Activity
Go through the data below. List every line that holds the word "Wood".

Input data Block Start

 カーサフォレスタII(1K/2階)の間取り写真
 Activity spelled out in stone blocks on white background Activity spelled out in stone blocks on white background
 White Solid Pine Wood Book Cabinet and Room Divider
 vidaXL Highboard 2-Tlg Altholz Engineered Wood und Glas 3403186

Input data Block End
Input data Block Start

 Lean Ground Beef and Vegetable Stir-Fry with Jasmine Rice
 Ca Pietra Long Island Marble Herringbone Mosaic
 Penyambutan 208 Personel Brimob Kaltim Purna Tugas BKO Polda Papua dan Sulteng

Input data Block End
Input data Block Start

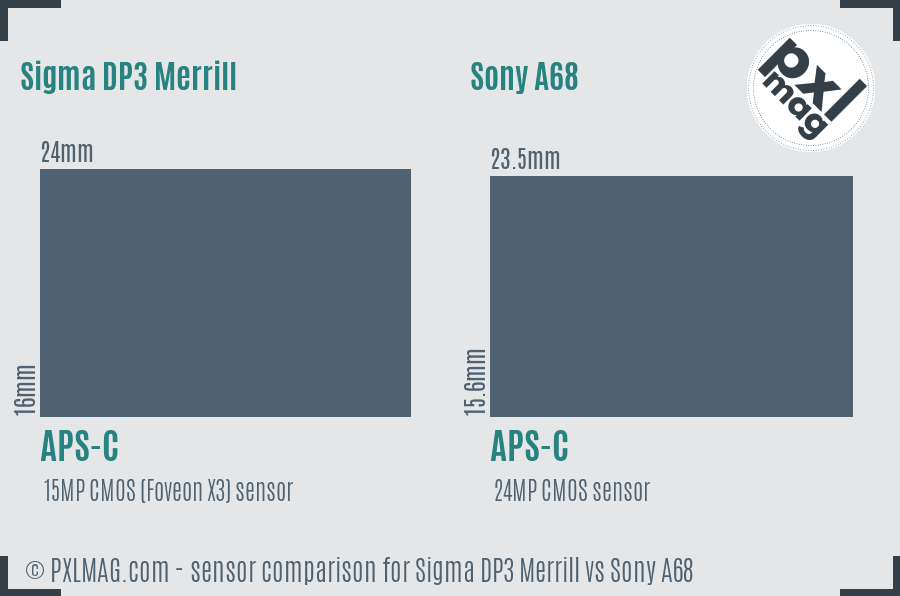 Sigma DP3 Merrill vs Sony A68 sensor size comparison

Input data Block End

Result for this task
 White Solid Pine Wood Book Cabinet and Room Divider
 vidaXL Highboard 2-Tlg Altholz Engineered Wood und Glas 3403186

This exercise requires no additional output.